Joined: Jun 07, 2001
Posts: 27
Could somebody explain me the exact reason for this Question..

What happens when you attempt to compile and run these two files in the
same directory?
//File P1.java
package MyPackage;
class P1{
void afancymethod(){
System.out.println("What a fancy method");
}
}
//File P2.java
public class P2 extends P1{
void afancymethod()
{
}
}
a. Both compile and P2 outputs "What a fancy method" when run
b. Neither will compile
c. Both compile but P2 has an error at run time
d.
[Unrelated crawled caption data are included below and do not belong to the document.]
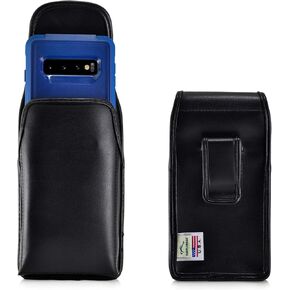 Turtleback Premium Nylon Phone Holster for Samsung Galaxy S24-S20 – Black Phone Belt Holder Fits Slim Cases – Cell Phone Pouch with Exclusive Metal Belt Clip, Magnetic Closure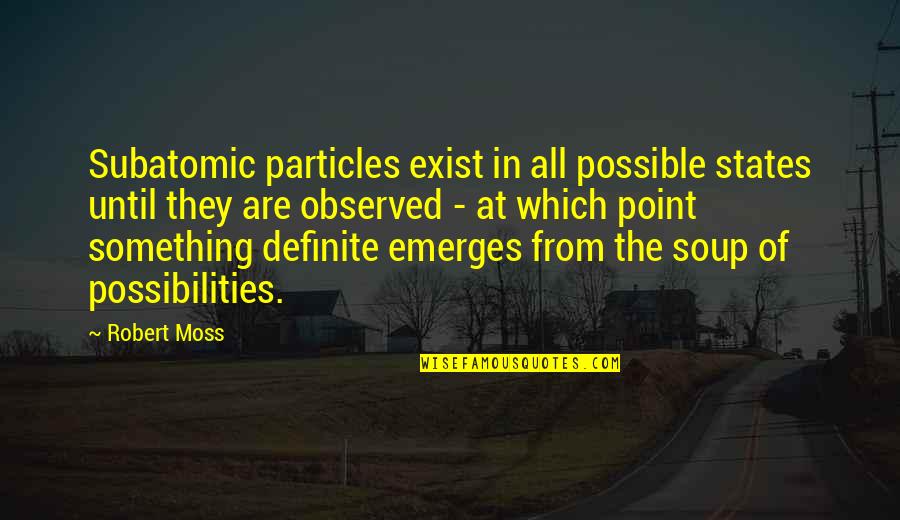 Jobinja Quotes By Robert Moss: Subatomic particles exist in all possible states until
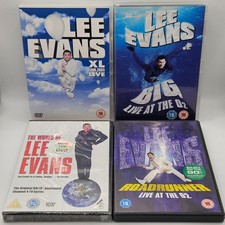 4 X Lee Evans DVD Bundle -  XL Tour, Big, The World of Lee Evans & Roadrunner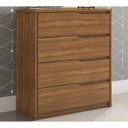 Ver imagem 1 de Cômoda 04 Gavetas Corrediças Telescopicas Atria Amendola Demartez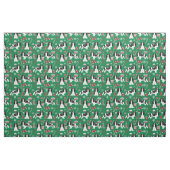 Cavalier King Charles Spaniel kerstgroen Stof (Fat Quarter)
P1 compiles cleanly but P2 has an error at compile time
Plz explain me in detail as i am very weak in Packages as i havent done anything practically
Thanx
Kaushik
Metal Zhang
Ranch Hand

Joined: Aug 05, 2001
Posts: 52
I think the answer is D.
You can compile them by yourself.If you want to compile and run them successfully.You must do like this.
1,You must declare class P1 as public class;

2,Compile P1.java with the command line list below:

3,You must import class MyPackage.P1 before you define class P2;

or declare class P2 like this:

4,You must define a method named main in file P2.java if you want to run it.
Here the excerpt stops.